[Caption-style text data]
==================================================

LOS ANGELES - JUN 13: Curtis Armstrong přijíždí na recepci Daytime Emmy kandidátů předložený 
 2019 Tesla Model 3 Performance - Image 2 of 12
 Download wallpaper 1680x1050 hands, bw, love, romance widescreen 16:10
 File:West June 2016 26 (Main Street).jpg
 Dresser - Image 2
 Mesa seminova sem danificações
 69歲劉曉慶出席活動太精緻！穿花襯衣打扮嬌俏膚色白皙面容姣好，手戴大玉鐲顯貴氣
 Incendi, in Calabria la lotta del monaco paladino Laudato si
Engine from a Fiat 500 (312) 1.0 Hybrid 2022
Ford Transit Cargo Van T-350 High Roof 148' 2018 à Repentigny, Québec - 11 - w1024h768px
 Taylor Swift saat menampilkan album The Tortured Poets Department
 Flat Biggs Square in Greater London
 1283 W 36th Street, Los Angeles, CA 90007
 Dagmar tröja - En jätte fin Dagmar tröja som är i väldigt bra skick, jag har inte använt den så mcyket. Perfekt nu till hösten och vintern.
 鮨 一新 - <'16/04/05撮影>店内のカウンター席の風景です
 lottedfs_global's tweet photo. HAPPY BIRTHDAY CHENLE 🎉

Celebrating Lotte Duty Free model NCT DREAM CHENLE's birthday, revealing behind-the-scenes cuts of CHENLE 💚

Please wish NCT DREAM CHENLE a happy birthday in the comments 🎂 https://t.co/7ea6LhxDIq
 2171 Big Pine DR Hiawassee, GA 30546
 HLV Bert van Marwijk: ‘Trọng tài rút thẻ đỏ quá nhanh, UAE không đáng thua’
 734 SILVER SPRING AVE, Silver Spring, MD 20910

==================================================

Set down exactly the lines that begin with the one containing "HLV Bert van" and end with the last line above, and no others.

 HLV Bert van Marwijk: ‘Trọng tài rút thẻ đỏ quá nhanh, UAE không đáng thua’
 734 SILVER SPRING AVE, Silver Spring, MD 20910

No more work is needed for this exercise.